Northeastern Section - 54th Annual Meeting - 2019

Paper No. 23-3
Presentation Time: 8:40 AM

AN OVERVIEW OF THE ALKALINE OFF-AXIS MAGMATISM OF THE SNAEFELLSNES PENINSULA, ICELAND


PEATE, David W.1, SIEBACH, Jacob A.1, MARUSZCZAK, Alex D.2 and BURNEY, David3, (1)Earth & Environmental Sciences, University of Iowa, 115 Trowbridge Hall, Iowa City, IA 52242, (2)School of Geosciences, University of South Florida, 4202 E. Fowler Avenue, NES 107, Tampa, FL 33620, (3)Civil Engineering, Environmental Engineering, and Earth Science, University of Notre Dame, 156 Fitzpatrick Hall, Notre Dame, IN 46556

Post-glacial (< 12 kyr) magmatism on Iceland is largely confined to well-defined rift zones, with tholeiitic magmas generated by decompression melting in response to plate separation above a hotspot. Small volumes of alkaline magmas are also erupted along the Snaefellsnes peninsula (western Iceland), although the reasons for melt generation at such large distances (50-150 km) from the main rift zones remain unclear. We have completed a systematic sampling of primitive (MgO >8 wt%) lavas from throughout the Snaefellsnes peninsula. Most flows are porphyritic with olivine ± clinopyroxene ± plagioclase macrocrysts, and often contain compositionally and texturally distinct macrocryst populations that indicate complex origins for the crystal cargo. Glass and clinopyroxene geobarometry results are broadly consistent with melt storage predominantly in the lower crust. In places, thereare large differences in incompatible element ratios over short distances (e.g. western Ljosufjoll: La/Sm 2.5 to 5.2 over <15 km). A significant step in MREE/HREE enrichment occurs at 22.3°W, where flows to the east have lower Dy/Yb (1.9 ± 0.1) compared to flows to the west (Dy/Yb 2.2 ± 0.1).

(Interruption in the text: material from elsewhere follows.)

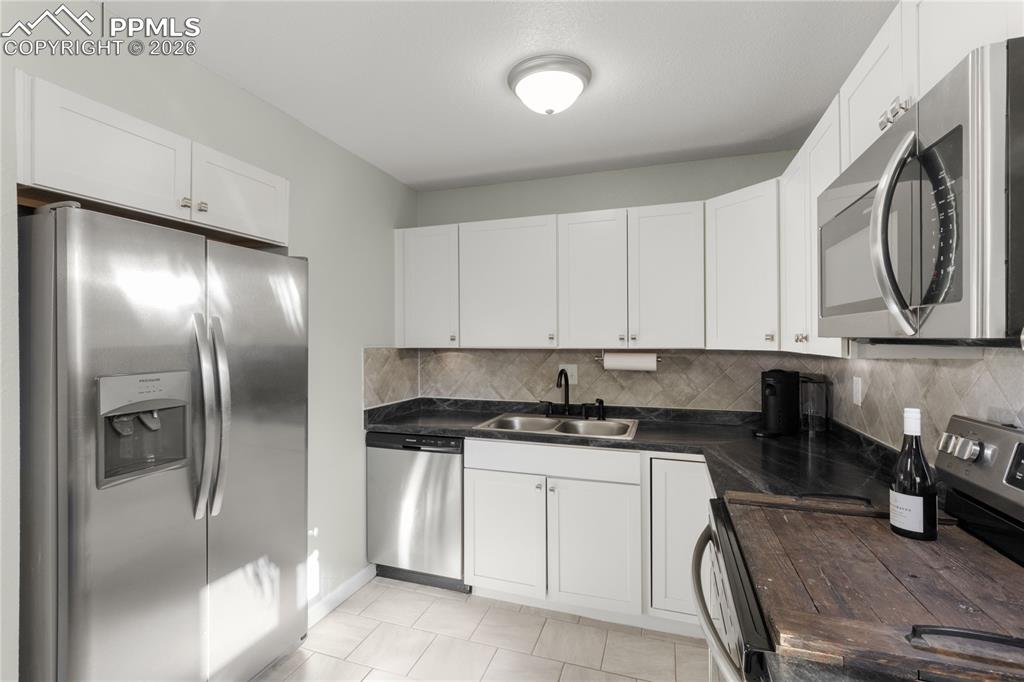 Kitchen featuring appliances with stainless steel finishes, backsplash, and white cabinetry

This boundary coincides with a transition in morphology and productivity of magmatism, from the voluminous ENE-aligned central volcanoes (Snaefellsjökull, Lysuskard, Ljosufjoll) that follow the trace of the extinct Snaefellsnes-Hunafloi rift zone west of 22.3°W, to the ESE-alighned minor isolated basalt eruptions east of 22.3°W. We speculate that melting is driven by upwelling of plume outflow mantle caused by topography on the base of the lithosphere related to this aborted rift. Several lines of evidence show that the lithology of the enriched mantle melting beneath Snaefellsnes is fertile peridotite rather than pyroxenite: olivines have similar Ni-Mn-Ca compositions to olivines in the rift zone tholeiites, and whole rock Fe/Mn and Zn/Fe values are low and similar to the rift zone tholeiites.